• **COLLECTED DATA**

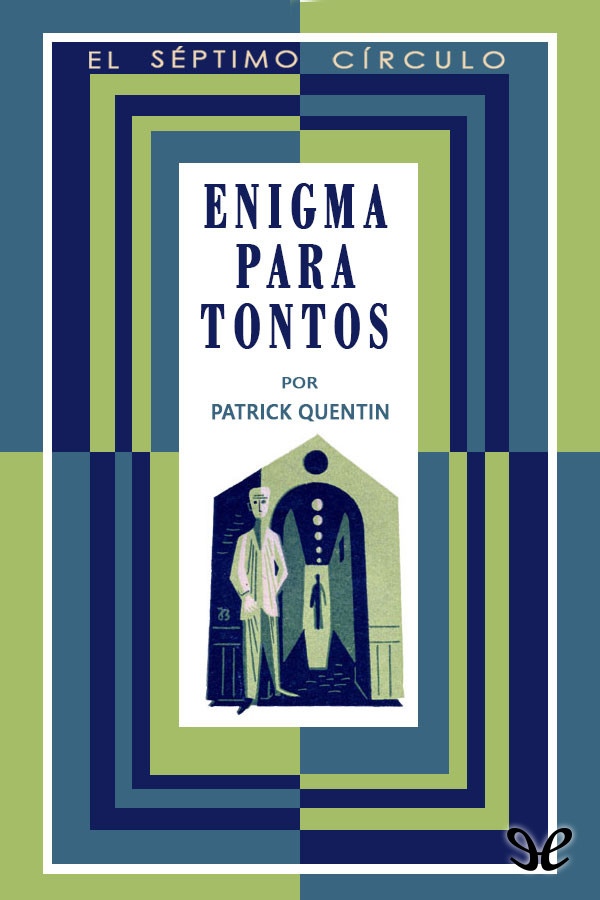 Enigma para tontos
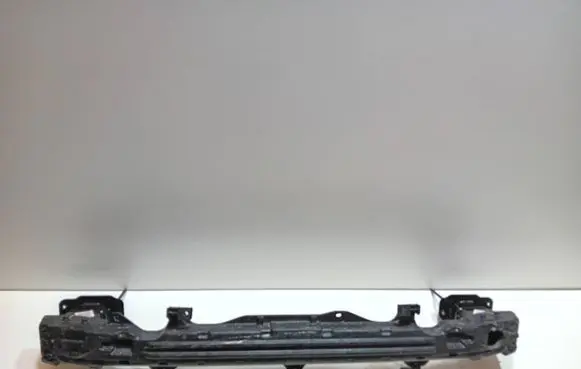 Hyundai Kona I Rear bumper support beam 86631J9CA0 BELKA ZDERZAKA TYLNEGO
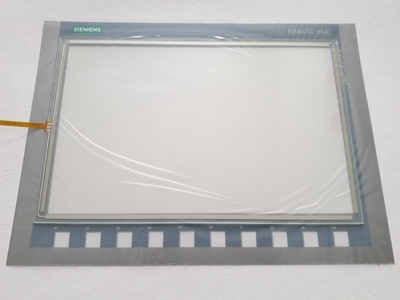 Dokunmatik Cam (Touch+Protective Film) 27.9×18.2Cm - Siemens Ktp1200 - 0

• **ASSIGNMENT**
Lines from the one that holds "Hyundai Kona I" through the final line of the material are to be duplicated exactly; no pictures belong in the copy.

• **WRITTEN REPLY**
 Hyundai Kona I Rear bumper support beam 86631J9CA0 BELKA ZDERZAKA TYLNEGO
 Dokunmatik Cam (Touch+Protective Film) 27.9×18.2Cm - Siemens Ktp1200 - 0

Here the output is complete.